How to Create Alerts for Slow-Starting Kubernetes Pods

This guide shows you how to create an alert for Kubernetes pods that take more than 5 minutes to start. This helps you identify pods experiencing startup issues, which can indicate problems with container images, resource constraints, or configuration issues.

Prerequisites

Before setting up this alert, ensure you have:

Enabled Kubernetes monitoring in SigNoz using the k8s-infra Helm chart or configured the k8scluster receiver manually
Verified that the k8s.pod.phase metric is being collected (this metric is available from the k8scluster receiver)

Understanding k8s.pod.phase Metric

The k8s.pod.phase metric tracks the current lifecycle phase of Kubernetes pods. The metric uses numeric values to represent each phase:

Phase Value	Phase Name	Description
1	Pending	Pod has been accepted but containers are not yet running
2	Running	Pod is bound to a node and all containers are created
3	Succeeded	All containers terminated successfully
4	Failed	All containers terminated, at least one failed
5	Unknown	Pod state cannot be determined

For monitoring startup time, focus on pods transitioning from Pending (1) to Running (2).

Creating the Alert

Follow these steps to set up an alert for slow-starting pods:

Step 1: Navigate to Alerts

Go to your SigNoz dashboard
Click on Alerts in the left navigation menu
Click New Alert
Select Metrics based alert type

Step 2: Define the Metric Query

Configure the query to detect pods stuck in the Pending phase:

Metric: Select k8s.pod.phase
Time aggregation: Choose latest (to get the current phase)
WHERE: Add filters if needed (e.g., specific namespace: k8s.namespace.name = production)
Space aggregation: Select no aggregation or avg depending on your needs
Group by: Add k8s.pod.name and k8s.namespace.name to identify specific pods

Step 3: Define Alert Conditions

Set up the condition to trigger when pods remain in Pending phase too long:

Query: Select the query you defined (e.g., A)
Condition: Equal to
Threshold: 1 (Pending phase)
Match Type: at all times
Evaluation Window (For): 5 minutes

This configuration checks if any pod has been in the Pending phase (value = 1) for at least 5 minutes (300 seconds).

Important: Adjust your alert evaluation window to match how frequently the metric is updating in SigNoz. For example, if the metric reports every 40 seconds and your evaluation window is only 60 seconds, you may not have enough data points for reliable alerting.
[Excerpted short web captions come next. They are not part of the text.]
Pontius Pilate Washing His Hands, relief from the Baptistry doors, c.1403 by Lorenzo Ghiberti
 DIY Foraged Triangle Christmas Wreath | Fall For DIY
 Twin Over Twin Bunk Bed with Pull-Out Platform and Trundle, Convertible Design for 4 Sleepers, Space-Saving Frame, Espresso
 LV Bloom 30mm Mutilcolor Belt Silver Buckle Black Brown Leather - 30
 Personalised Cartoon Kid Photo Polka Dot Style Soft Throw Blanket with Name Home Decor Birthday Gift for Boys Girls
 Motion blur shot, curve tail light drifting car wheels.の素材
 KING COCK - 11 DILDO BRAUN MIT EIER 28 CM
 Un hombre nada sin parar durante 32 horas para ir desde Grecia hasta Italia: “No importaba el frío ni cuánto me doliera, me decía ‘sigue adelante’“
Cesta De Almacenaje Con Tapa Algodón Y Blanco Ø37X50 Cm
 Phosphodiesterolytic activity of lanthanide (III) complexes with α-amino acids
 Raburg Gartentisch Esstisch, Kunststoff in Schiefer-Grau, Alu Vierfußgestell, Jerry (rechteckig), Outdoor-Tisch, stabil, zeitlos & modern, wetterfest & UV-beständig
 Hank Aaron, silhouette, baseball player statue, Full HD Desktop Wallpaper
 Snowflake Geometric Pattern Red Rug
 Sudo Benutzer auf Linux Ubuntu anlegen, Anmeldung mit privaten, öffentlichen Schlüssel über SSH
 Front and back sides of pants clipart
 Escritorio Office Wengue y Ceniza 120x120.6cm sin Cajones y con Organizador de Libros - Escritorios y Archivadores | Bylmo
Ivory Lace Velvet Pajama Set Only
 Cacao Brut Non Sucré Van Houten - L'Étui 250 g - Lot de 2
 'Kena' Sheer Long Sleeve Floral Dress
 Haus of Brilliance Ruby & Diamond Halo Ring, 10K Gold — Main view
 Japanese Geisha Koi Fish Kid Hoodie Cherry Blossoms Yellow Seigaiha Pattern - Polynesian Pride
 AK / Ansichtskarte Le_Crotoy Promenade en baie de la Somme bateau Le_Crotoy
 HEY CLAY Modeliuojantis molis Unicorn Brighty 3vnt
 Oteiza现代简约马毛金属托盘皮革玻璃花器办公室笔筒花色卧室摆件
Ensure your metric collection interval is significantly lower than the evaluation window to avoid false alerts.

Step 4: Configure Alert Details

Severity: Choose appropriate severity (e.g., Warning or Critical)
Alert Name: Provide a descriptive name (e.g., "Kubernetes Pod Slow Startup - More than 5 minutes")
Alert Description: Add context, for example:

Pod {{k8s.pod.name}} in namespace {{k8s.namespace.name}} has been in Pending phase for more than 5 minutes.

This may indicate:
- Resource constraints (CPU/memory limits)
- Image pull issues
- Node scheduling problems
- Configuration errors

Pod Phase Values: 1=Pending, 2=Running, 3=Succeeded, 4=Failed, 5=Unknown

Labels: Add relevant labels for filtering (e.g., team: platform, component: kubernetes)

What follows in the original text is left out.